The recipe I am using comes from a cookbook my father-in-law gave me, Cozinha Açoreana. It is a Portuguese-language cookbook, and with a recipe like this (completely new and with so many steps!) there was every likelihood of my messing up multiple ingredients and/or the entire cooking process. Google translate could (in theory) have helped me out, but it was telling me things like:

"Clean up the skins and meat fats and breaks, leaving 2 cutlets (or chopsticks) for each cracklings."

"With the predicament that is at the bottom of the pan, called foot crackling, make up dry cakes furnace, pouring boiling water at the bottom of which was crackling and joining cornmeal."

Uhhh. Yeah.  So I basically just worked out what the Portuguese meant on my own.

The vinha d'alhos is the marinade for the pork, and it is a tasty mixture of garlic, wine, chilis, peppers, and liver.

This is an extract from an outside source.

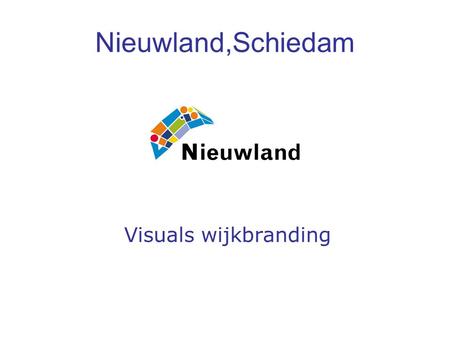 Nieuwland,Schiedam Visuals wijkbranding. Wat is jouw favoriete plek in de regio?Wat betekent die plek voor jou en welke waarden vertegenwoordigt die plek.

Liver is not an ingredient I am very familiar with, mainly because I never think, "Ooooh, you know what I could go for tonight? A nice fried piece of liver." So it doesn't get much use in our house.

Actually, while we are on the subject of things I don't normally use while cooking:

Who's up for some pork fat? A POUND of pork fat!

Now, liver and pork fat are not the most appealing ingredients. But you know what? As this dish came together, I started to see that it was a celebration of various parts of the pig. Ribs, liver, fat-- it made me imagine a farmhouse where these all came from the same pig one season, and the lady of the house needed to find a way to marry the various odds and ends which weren't going to market, creating a tasty, hearty dish for the family.

That's right-- this recipe made me wax poetic about pig liver. There must be something special about it. If nothing else, it is a fantastic example of the "head to toe" cooking that I respect and love about traditional Portuguese fare.

And in the end, it was a lovely, comforting, homey stew of meat that warmed up the afternoon very nicely-- especially when served with a nice bottle of red wine like the one used in the marinade. For all the "new" ingredients, it tasted like Sunday dinner -- warm and familiar.

So, if one cold evening you are in the market for trying something new, I highly recommend this regional Portuguese classic. (And I hope that my recipe translation helps you more than Google translate did me.)

Torresmos de Vinha d'Alhos
Marinated Pork in Wine and Garlic
serves 8

4 kg/10 lbs pork ribs
750g/1.5 lbs pork liver
8 tsp chili powder or red pepper flakes
1/2 liter full-bodied red wine
1/2 tsp black pepper
1/2 tsp white pepper
10 cloves of garlic, minced
500g/1 lb of pork lard
3 tablespoons colorau (can substitute sweet paprika)
salt to taste

1. Trim the skin and excess fat off of the pork ribs and cut it, leaving 2 bones worth of meat in each piece. Clean and cut the liver into pieces approximately half the size of the rib pieces.

2. Make the vinha d'alhos by mixing together the chili/red pepper, garlic, peppers, wine, and some salt if needed in a large bowl. Add the ribs and the liver and toss to coat. Leave to marinate in a cool place (or the fridge) for at least an hour, preferably two.

3. Put a heavy-bottomed, deep pot over a medium-high heat. When the pan is hot, fill it with the meat and the marinade (but not the liver!). Once the mixture has heated to a simmer, add the lard and cook at the med-high heat until the lard has melted and the mixture is simmering well. Then, reduce the heat to low and cool at a bare simmer for about 2 hours, stirring from time to time. It is nearly done when the meat is falling-off-the-bone tender and the marinade has nearly evaporated entirely.

4. Add the liver to the pot and let it cook for the final 10-15 minutes. Do not add the liver too soon or it will toughen and not be nice to eat.

5. Taste the sauce, which should be very reduced by now, and add the colorau/paprika and salt or other seasoning as needed. Mix the whole pot together well, and leave for a final 5 minutes on a low heat. Remove from the heat, and let the torresmos rest covered for 10-15 minutes before serving.